11 thoughts on “Let’s Get Meta: a look at analogies and why we use them

  1. Whoa! Very interesting question. I do have one or two metaphors that I still think are exceptional. One is from Coleridge’s poem “Kubla Khan.”

    And from this chasm, with ceaseless turmoil seething,
    As if this earth in fast thick pants were breathing

    And another favorite is from Stephen Crane’s Red Badge of Courage.

    The red sun was pasted in the sky like a wafer.

    A great metaphor…and passive voice to boot!

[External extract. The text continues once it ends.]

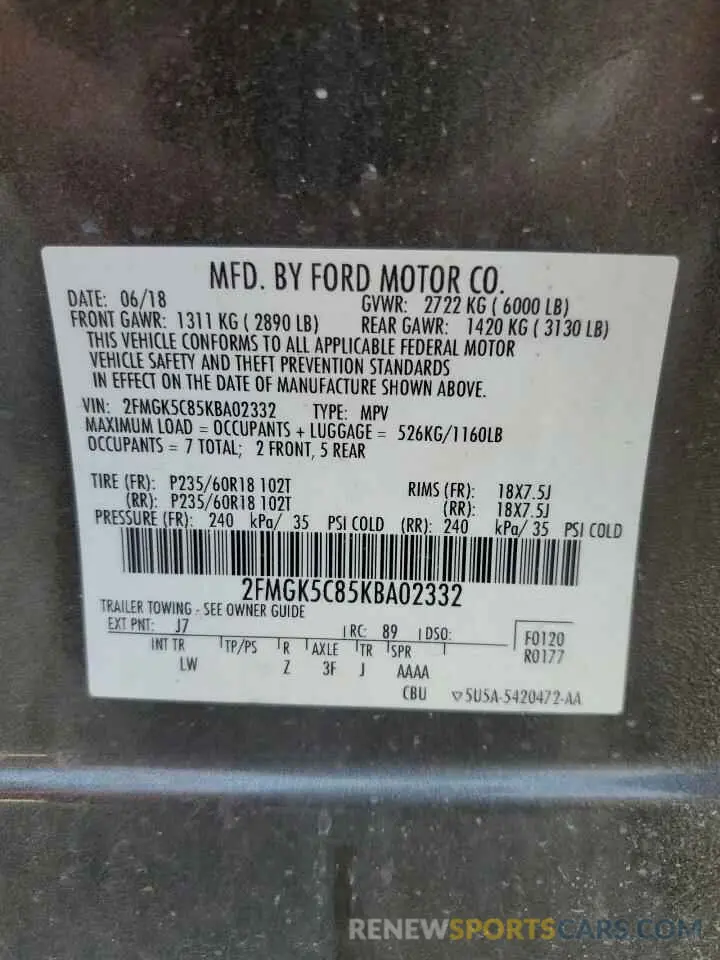 13 Photograph of a damaged car 2FMGK5C85KBA02332 FORD FLEX 2019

    And there are so many from Sue Monk Kidd’s “The Secret Life of Bees.” Here’s one of my favorites.
    Her eyes were mysterious and kind and her skin dark brown
    with a glow darker than toast and looking a little like it had been buttered.”

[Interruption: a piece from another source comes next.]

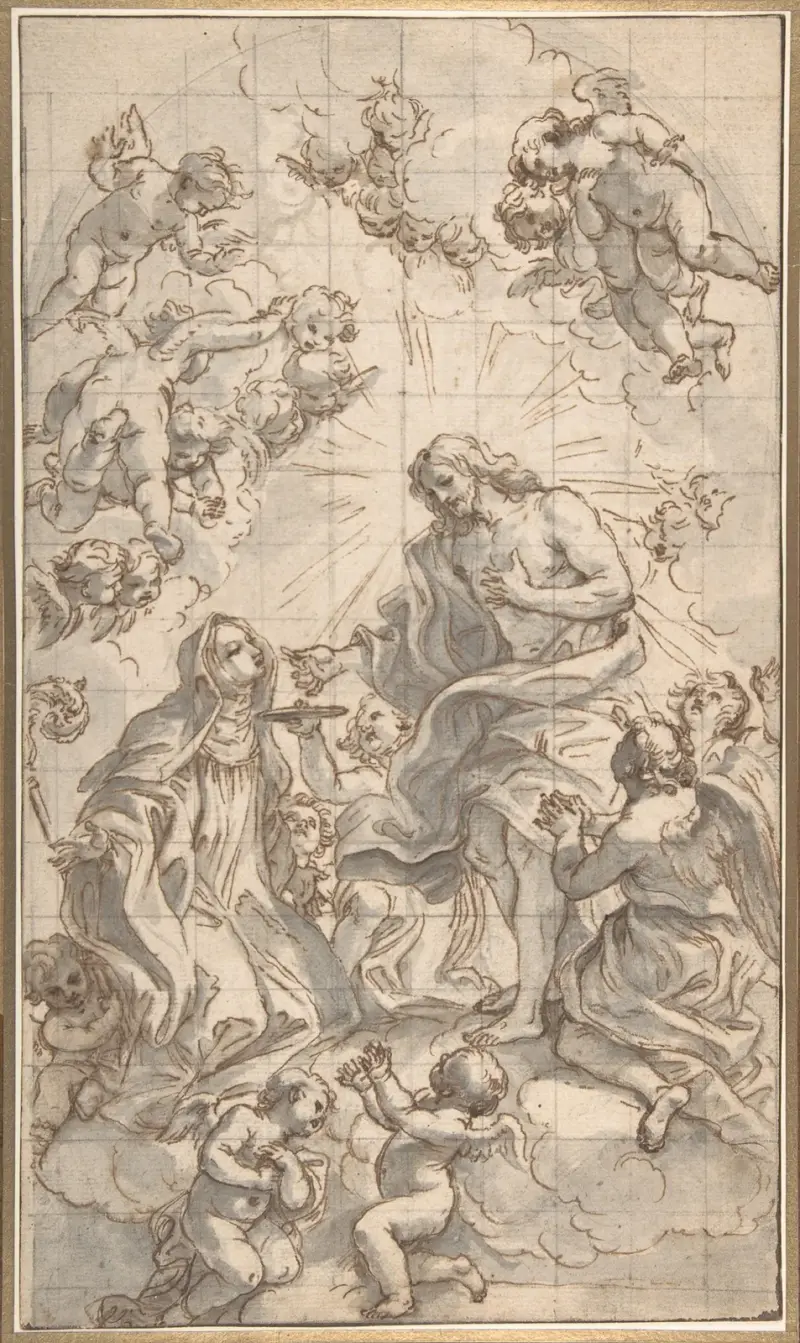 Christ Giving the Host to a Holy Abbess av Giovanni Battista Gaulli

    And one last from Conrad’s “The Secret Sharer.”

    Then stillness again, with the great shadow gliding closer,
    towering higher, without a light, without a sound. Such a
    hush had fallen on the ship that she might have been a
    bark of the dead floating in slowly under the very gate of
    Erebus.

    Ah Miles, forgive me, but I’m mired in tradition. Here’s a metaphor that even when I was but nineteen, I thought was astounding. From Milton’s Samson Agonistes. It’s Delilah’s arrival to her captive husband. the Choir recognizes her first.

    But who is this, what thing of Sea or Land? [ 710 ]
    Female of sex it seems,
    That so bedeckt, ornate, and gay,
    Comes this way sailing
    Like a stately Ship
    Of Tarsus, bound for th’ Isles [ 715 ]
    Of Javan or Gadier
    With all her bravery on, and tackle trim,
    Sails fill’d, and streamers waving,
    Courted by all the winds that hold them play.

    Isn’t that beautiful? Sorry but I really enjoy this sort of thing. There about a jillion more, but I can’t remember em! 🙂

    Thanks. I’m reblogging this as well.

    Liked by 1 person

    1. Wow! Thank you for the influx of reading material, and I can’t believe I forgot to thumb through The Secret Life of Bees while I was writing this post!

      I can totally relate when it comes to narrowing down the example metaphors. Even now, I am kicking myself because I forgot to work in the first line of Alfred Noyes’ “The Highwayman:” “The moon was a ghostly galleon, tossed up on stormy seas.”

      Thanks again for sharing some of your treasures. That last one about Delilah is spectazular! I’m going to look further into them. And it’s a terrific honor to be shared on your blog. Thanks!